- The input:
────────

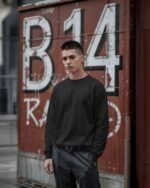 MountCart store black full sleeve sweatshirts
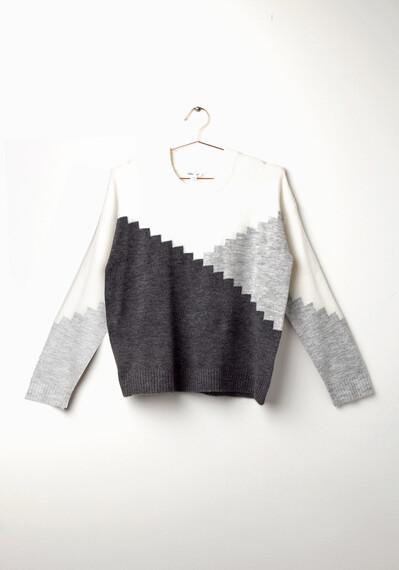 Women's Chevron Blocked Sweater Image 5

────────

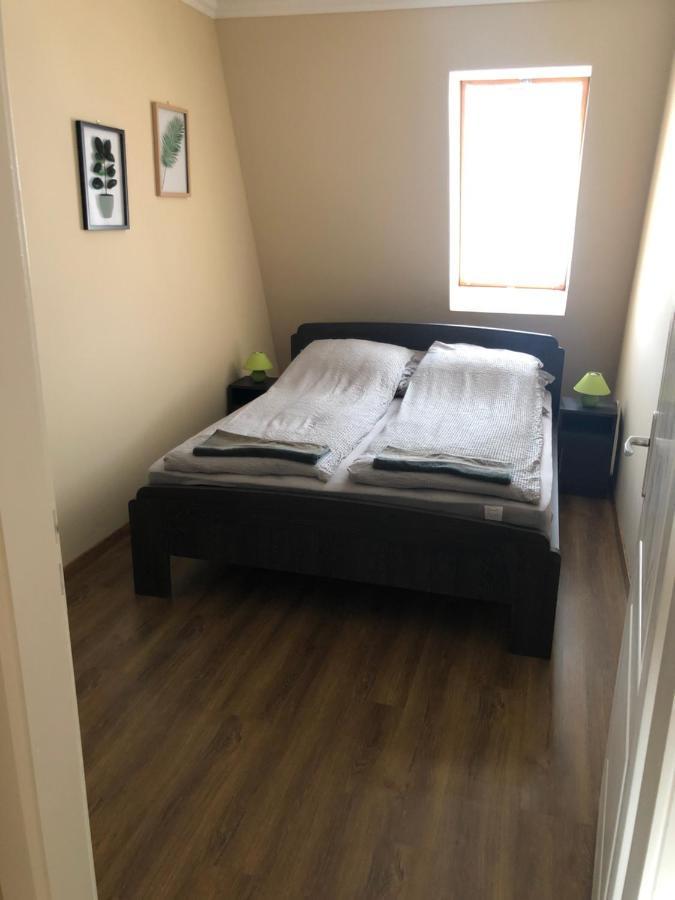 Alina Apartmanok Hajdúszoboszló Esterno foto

────────

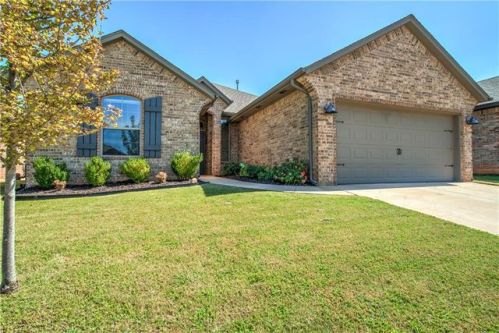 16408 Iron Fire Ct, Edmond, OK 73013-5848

────────

- Activity: Restate word for word the lines of the data above that begin at the line with "MountCart store black" and end at the line with "Women's Chevron Blocked Sweater Image 5", keeping both ends and dropping every picture.

- Your response:
 MountCart store black full sleeve sweatshirts
 Women's Chevron Blocked Sweater Image 5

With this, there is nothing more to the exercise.